GOP Officials Plotting To Rig Race For Mississippi Senate Seat?
This seems like a big deal: Is the GOP trying to confuse voters and rig the election against the Democratic candidate in a hotly-contested race for a plum Senate seat?
It seems that way to quite a few people in Mississippi -- because the candidates for this election have now been placed in obscurity at the very bottom of the physical ballot that voters will see on Election Day.
In a move that could very well bring on a lawsuit, the state elections board -- controlled by the GOP -- today put the special election for Senate underneath even races for county offices and school boards. This was despite the fact that state law seems to clearly require placing federal races at the top of the ballot.

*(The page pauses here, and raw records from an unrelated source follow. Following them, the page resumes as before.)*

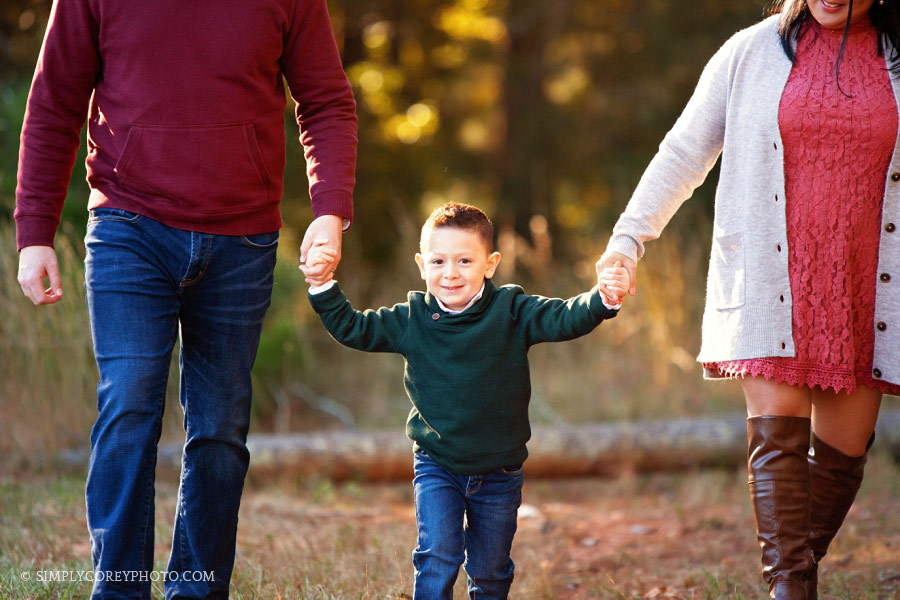 Bremen family photographer, boy holding hands with parents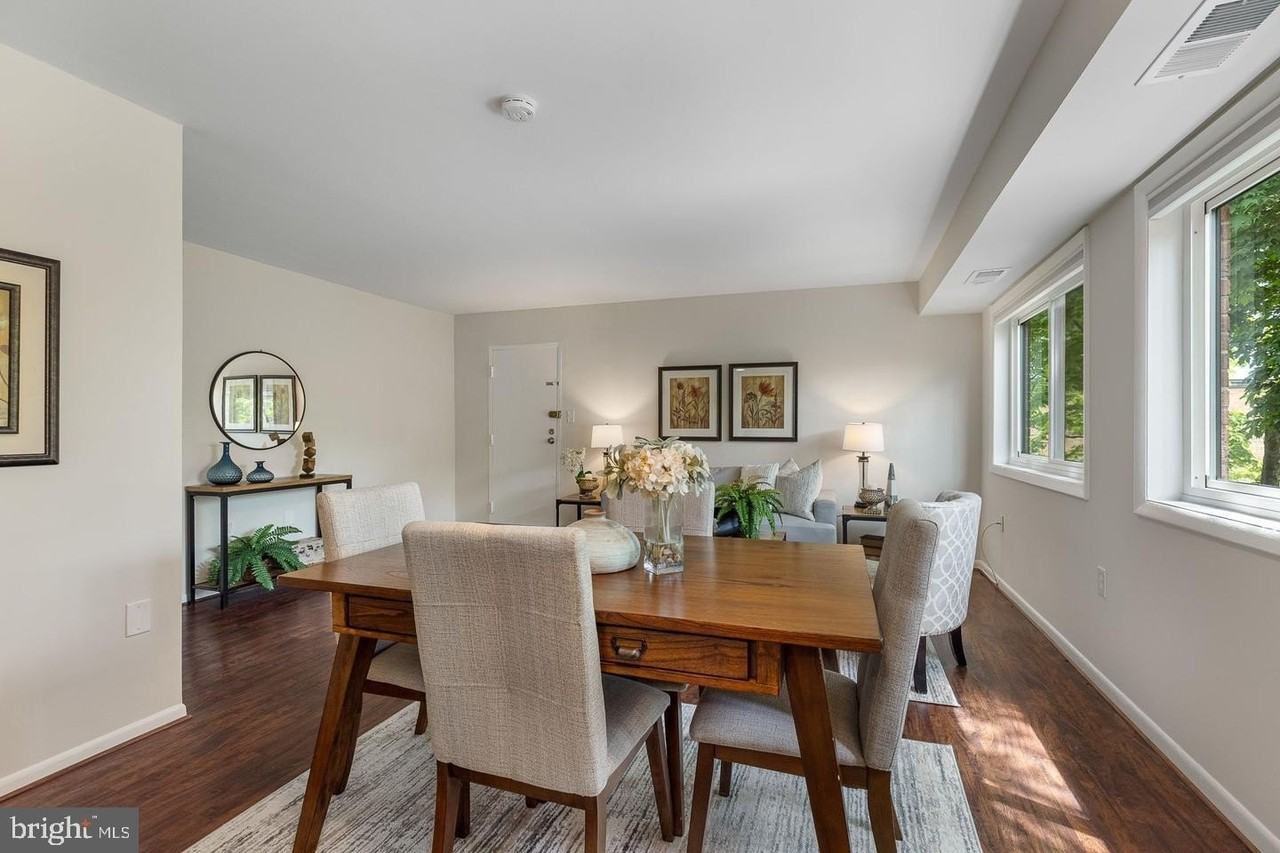 3330 S 28th St Apt 401 #401 - Photo 6 of 21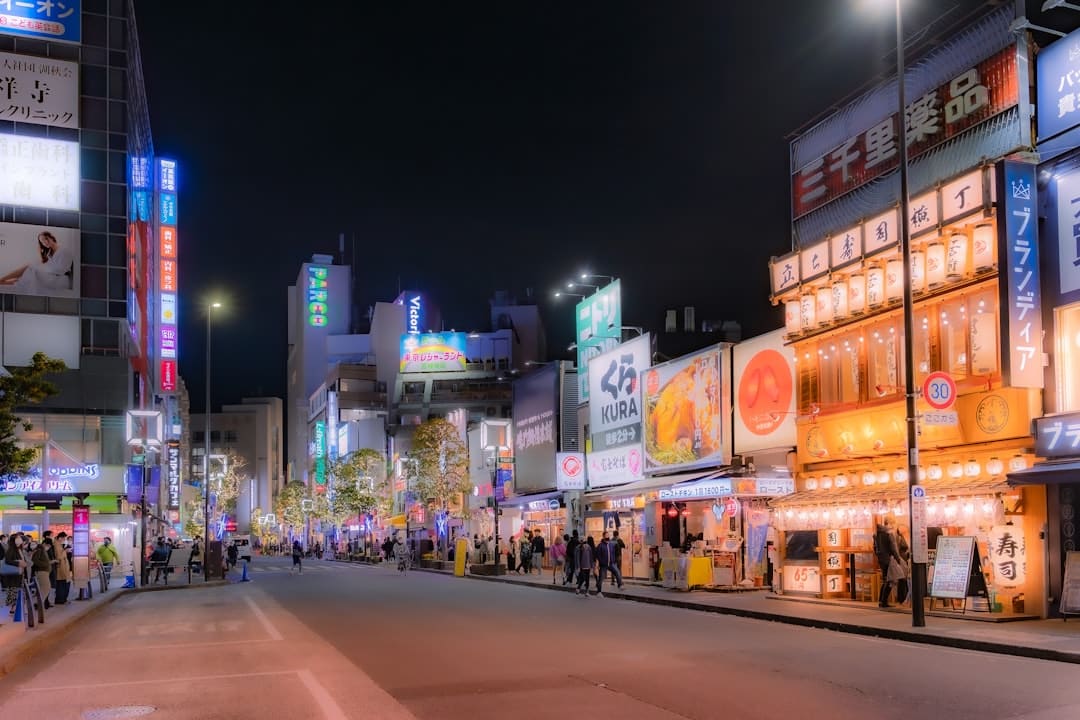 摄影师拍摄夜幕下的北京 灯亮起的一刻太惊艳了！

Placing a race like this at the bottom of the ballot could cause many lower-information voters to overlook it. Democrats feel this decision will disproportionately affect poorer voters who tend to vote Democratic, and furthermore that this was the whole point.
A statement from Democratic candidate Ronnie Musgrove implied that a lawsuit could be on the way. "We will win this election no matter where the Secretary of State puts it on the ballot," said Musgrove's campaign manager. "But this is about the law and they don't get to make up their own laws."















How sad. How typical.
September 9, 2008 3:02 PM | Reply | Permalink
I'll be really interested to see the Presidential results on Nov. 4th from Mississippi. There's alot of bad kharma that still hangs around there...
September 9, 2008 3:02 PM | Reply | Permalink
Republicans are great.
September 9, 2008 3:03 PM | Reply | Permalink
You know, it's dirty and it's not fair... but it's what works dammit. I am so tired of Democrats being such pussies about this stuff. Instead of bitching about fairness, do something to the Rs! Same thing with the presidential campaign -- instead of whining about McSame's lies, hit him with something hard (marital infidelity anyone?).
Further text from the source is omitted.